I mentioned in my previous article how important it is to believe in yourself, how you can’t achieve your goals if you don’t believe you can. I can say now, after going through my adventures in Amsterdam, that this is absolutely true. Finding a job out of college is incredibly difficult. Sometimes it doesn’t matter what internships you had, or what awards you’ve won, the job market is incredibly finicky and alters drastically frequently. Now take the uncertainty of an already temperamental job market, add on top the need for a sponsored visa, and a lack of connections, and you’ll understand why it’s imperative to believe in yourself. Sometimes you’re the only one who can or will.

In addition to believing in your own capabilities, you then need to hustle. Run towards the things you want. Don’t take no for an answer. And build your own self confidence to where rejection doesn’t feel like failure, it feels like an opportunity. Full disclosure, it took me a long time to get to this point. When I first moved here, and for the first few months of living here I seriously struggled with confidence and directness. I was a young creative nobody in a giant pond of super talented somebodies. But, I was determined to reach my goals, which meant pushing through the anxieties and fears and putting myself out there everyday.

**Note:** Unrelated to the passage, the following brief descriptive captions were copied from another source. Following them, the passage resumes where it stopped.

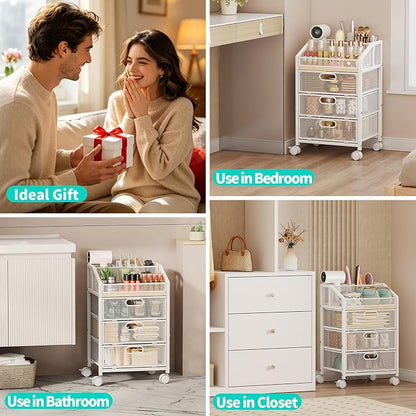 HapiRm Rolling Makeup Cart Organizer - Under Desk Makeup Storage with Wheels, Floor Make up Cart Skincare Organizers Desk Vanity Storage Organizer Cabinet for Cosmetics Makeup Brush Hair Tool, White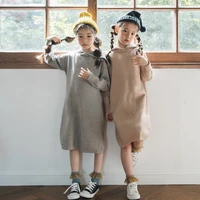 winter new kid sweater dress baby casual clothes children girl autumn dress soft knit hooded clothing toddler sweater3469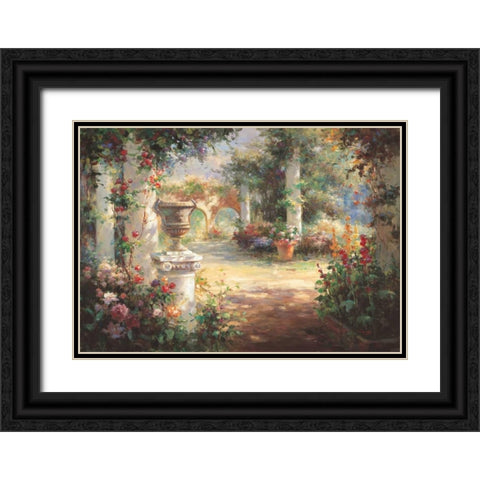 Sunlit Countyard Black Ornate Wood Framed Art Print with Double Matting by Oxley, Vail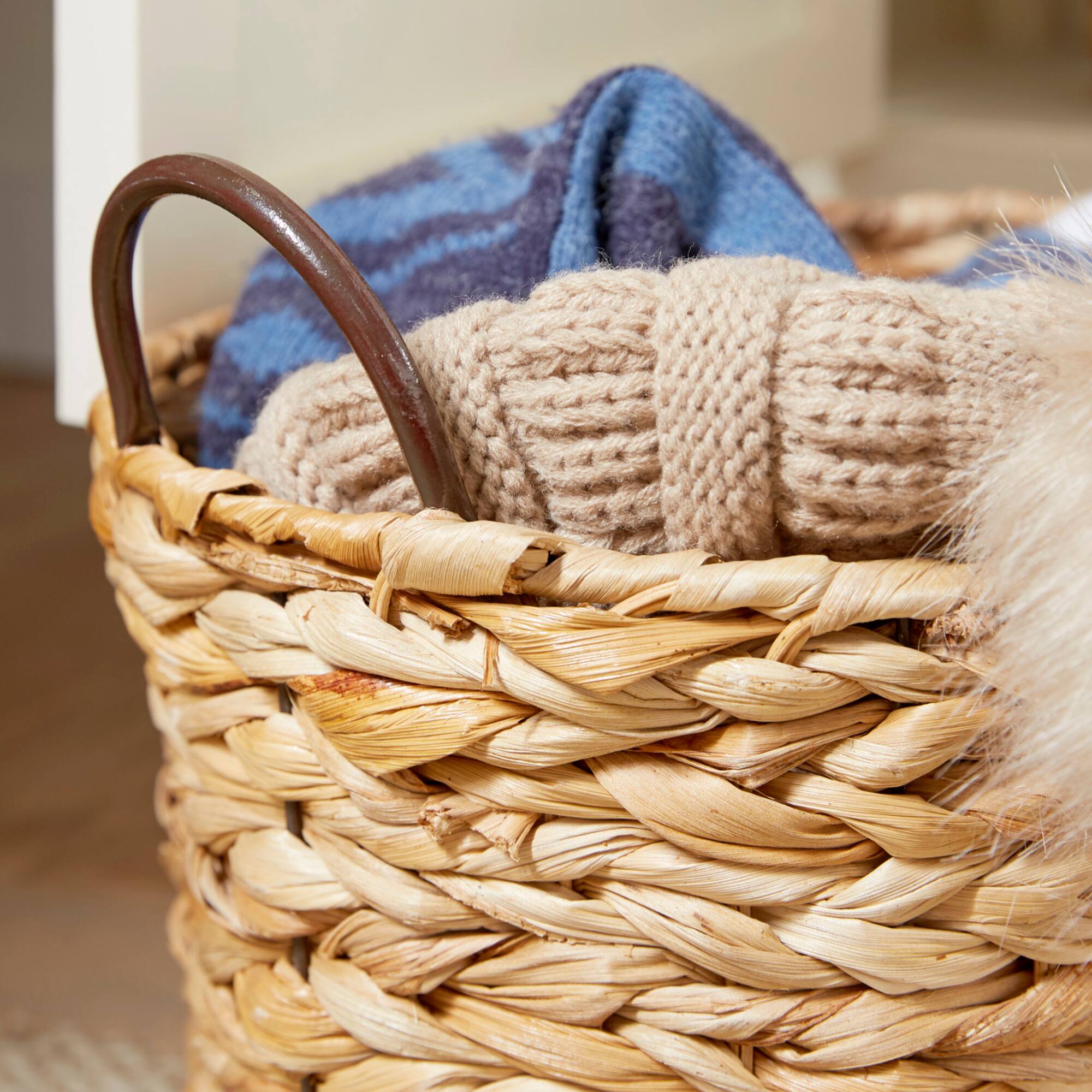 Brown Metal Natural Storage Basket Set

When you only have 74 days to get a job, you pull out all the stops to get the right people’s attention. Being unknown in a completely new city meant making all new connections, hustling everyday, and working towards, what some have called, a fool’s errand. It’s incredibly difficult to break into the creative advertising industry, let alone do it in a foreign country where visas are an issue. But as I said before, you make the move, you hustle. It’s as easy as that.

In my time in the Netherlands I’ve met with at least 75 different creatives from all kinds of different agencies. I’ve met people from agencies like 72&Sunny to Anomaly to Wieden + Kennedy to Woedend! Agencies big and small, Dutch and international. Each time I met with someone I was able to make a new creative connection, which lead to another connection. Expanding a network and creating a web of people who believed in me and wanted to help find the right agency to take me in was pivotal to my success here. If you’re curious as to how I managed to do this, I did what every creative would do. I did everything from making stickers on my laptop that read “starving art director” to sending photos of myself pretending to be dead to a creative director. I was creative. I found ways to talk to people that were different from you stereotypical emails.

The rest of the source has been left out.